New Horizons captures the farthest image ever made from Earth

Long Range Reconnaissance Imager (LORRI) of NASA’ s New Horizons spacecraft on Dec. 5, 2017 snapped a picture of a group of stars known as the ‘Wishing Well’ when the spacecraft was about 3.79 billion miles 3.79 billion miles (6.12 billion kilometers, or 40.9 astronomical units)  from Earth. It was the farthest image ever made from Earth.   

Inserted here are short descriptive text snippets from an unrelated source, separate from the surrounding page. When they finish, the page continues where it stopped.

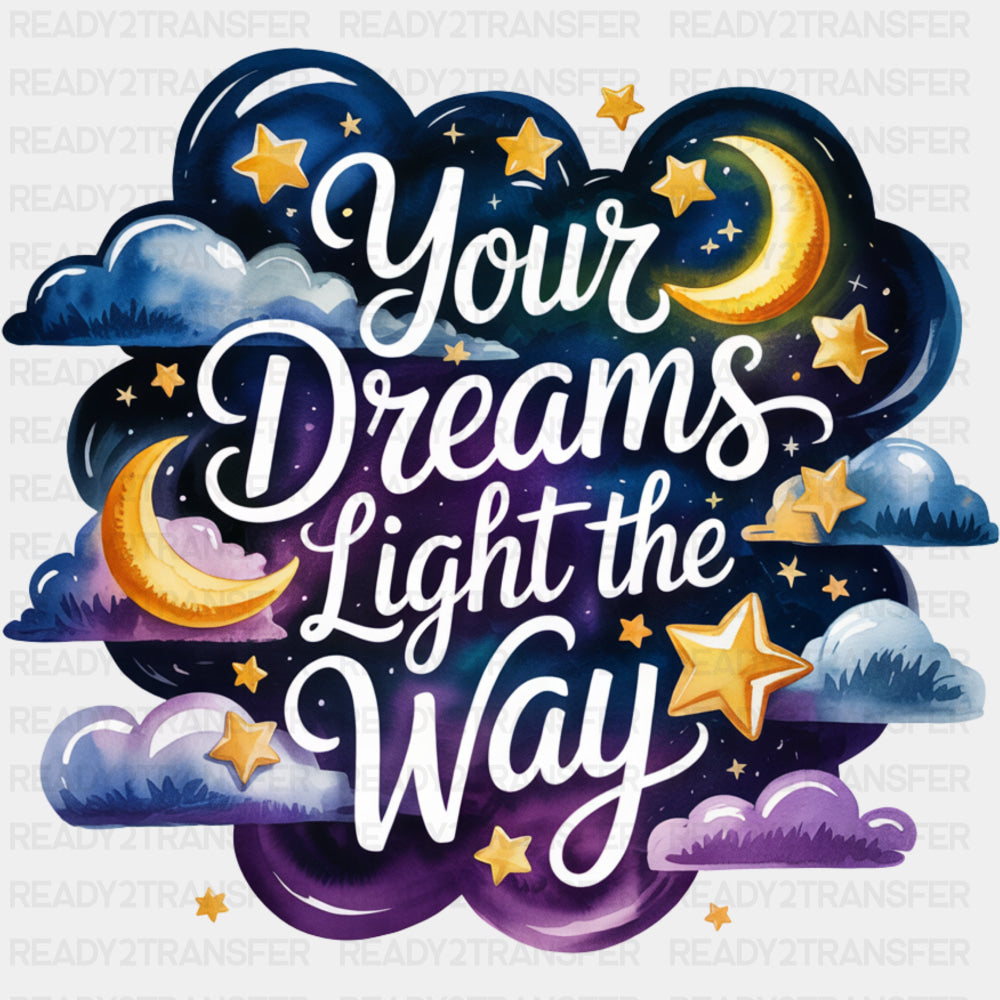 Your Dreams Light The Way - Quotes DTF Transfers ready2transfer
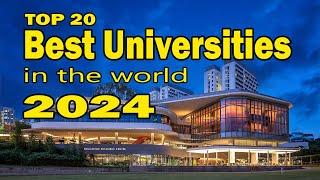 Top 20 Best Universities in the World 2024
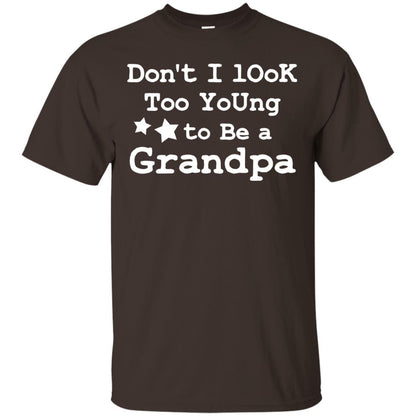 Don't I Look Too Young To Be A Grandpa Shirt Dark Chocolate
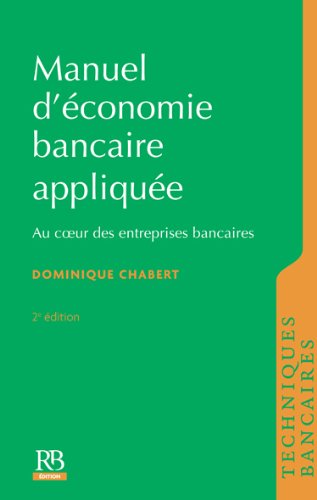 Manuel d'économie bancaire appliquée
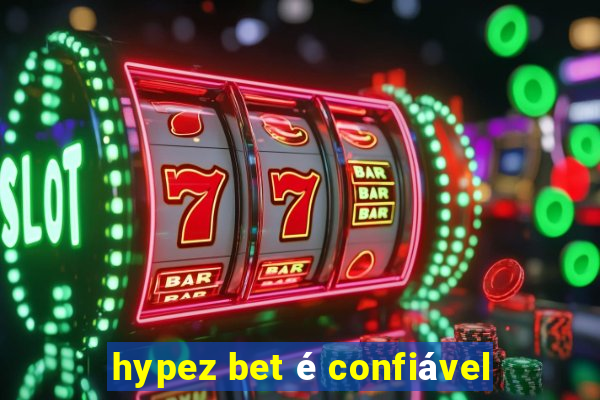 hypez bet é confiável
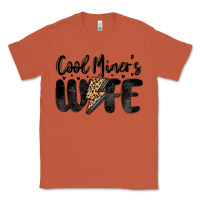 Cool Miner S Wife Classic Tee | Teevron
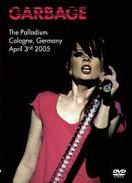 Garbage Live At The Rockpalast Germany 2005 DVD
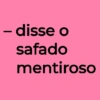- disse o safado mentiroso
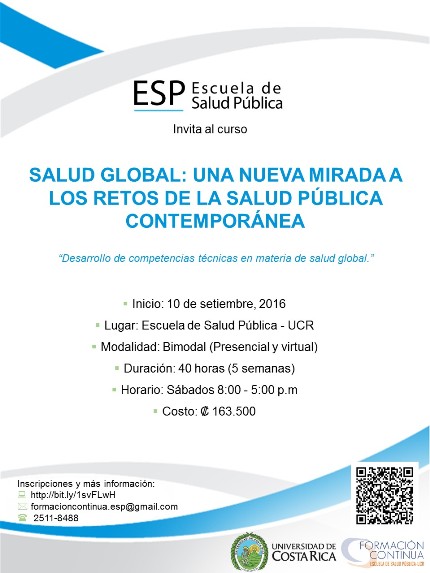 “Desarrollo de competencias técnicas en materia de saludglobal.”Duración:  del 10 de setiembre …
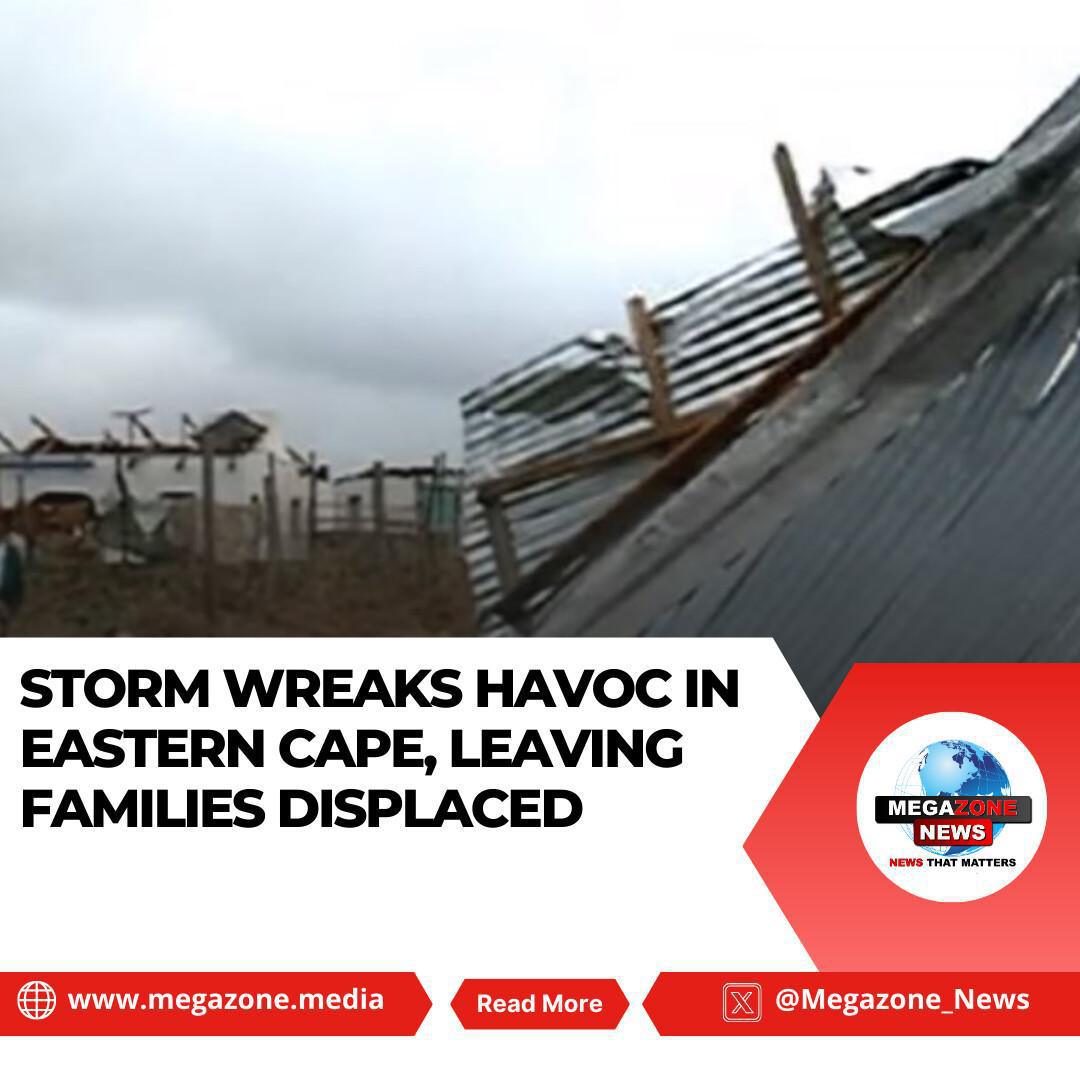 Storm Wreaks Havoc in Eastern Cape, Leaving Families Displaced Storm Wreaks Havoc in Eastern Cape, Leaving Families Displaced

  • On December 5, 2017, it broke a record set by Voyager 1 in 1990 when it captured the famous ‘Pale Blue Dot’ image of Earth. That picture was part of a composite of 60 images looking back at the solar system, on 14 February 1990, when Voyager was 3.75 billion miles (6.06 billion kilometers, or about 40.5 astronomical units) from Earth. Voyager 1’s cameras were turned off after that, so its photography record has been unchallenged for more than 27 years.
  • According to NASA, New Horizons broke its own record a couple of hours later that day by taking images of two Kuiper Belt objects namely 2012 HZ84 and 2012 HE85., according to a NASA statement.

About New Horizons

  • New Horizons was launched on Jan. 19, 2006
  • This probe flew by Pluto on July 14, 2015.
  • It is now on an extended mission to explore the Kuiper Belt.
  • It is the fastest spacecraft ever created, covering more than 700,000 miles (1.1 million kilometers) of space each day.
  • It is the first mission on many counts: New Horizons has long been a mission of firsts; first to explore Pluto, first to explore the Kuiper Belt, fastest spacecraft ever launched.

About the the Kuiper Belt

    • It is a disc-shaped region beyond Neptune planet of out solar system that may be home to hundreds of thousands of icy worlds and a trillion or more comets.